DATA SECTION
- - -
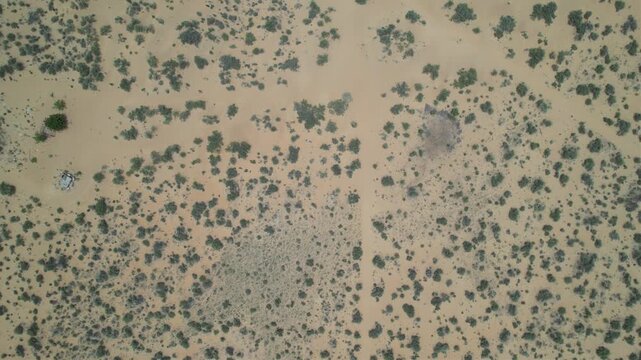 texture of the desert 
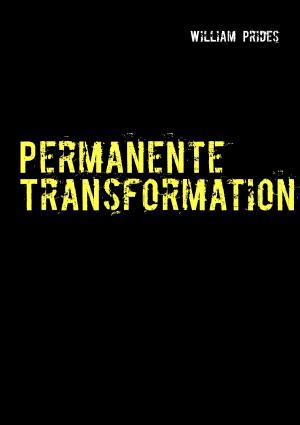 Cover of the book Permanente Transformation by Nicole Diercks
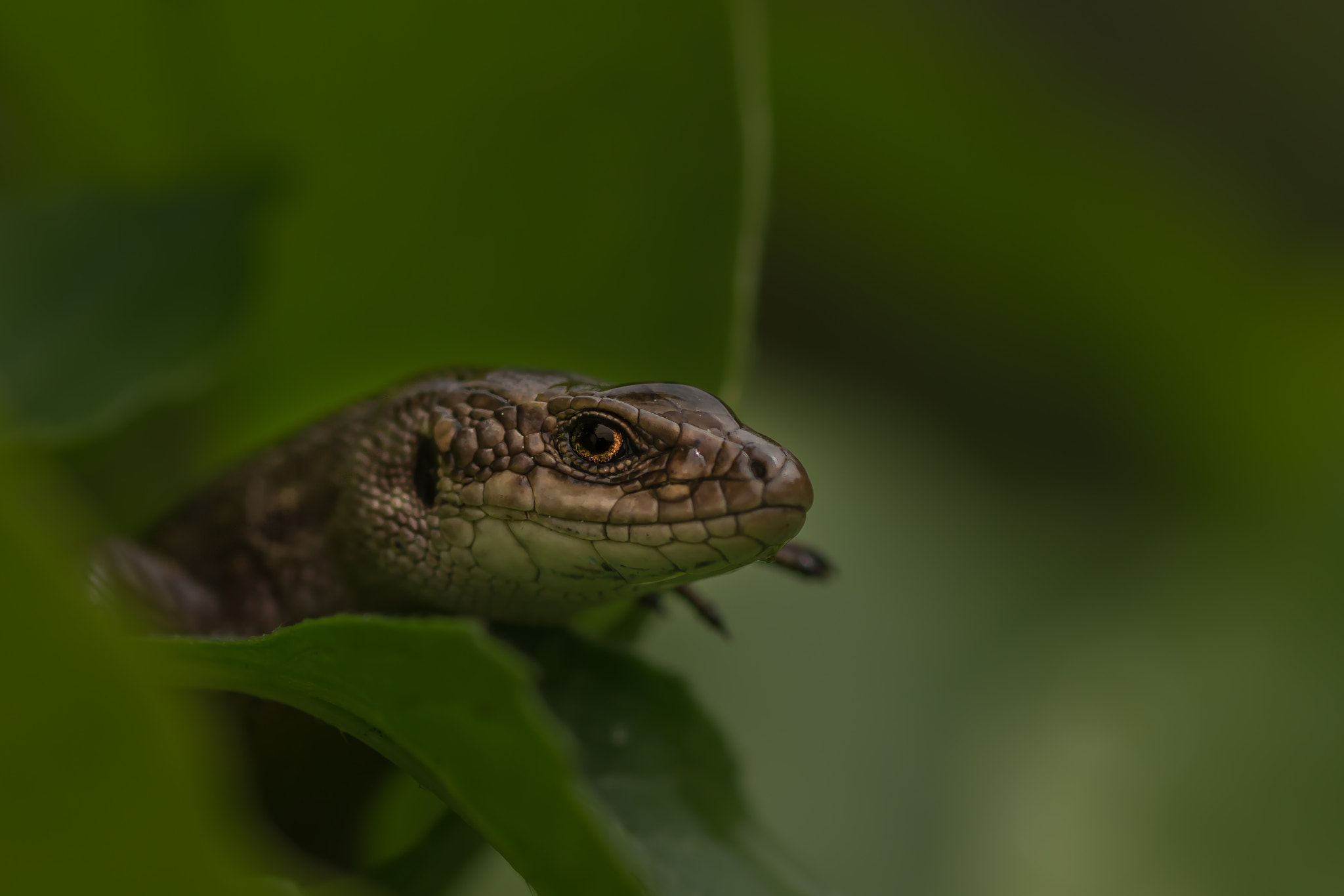 Tamron SP AF 90mm F2.8 Di Macro sample photo. Small dragon  photography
- - -
REQUIREMENT
Every line of the data above is to be set down word for word, with the pictures left out.

FINISHED EXERCISE
 texture of the desert 
 Cover of the book Permanente Transformation by Nicole Diercks
 Tamron SP AF 90mm F2.8 Di Macro sample photo. Small dragon  photography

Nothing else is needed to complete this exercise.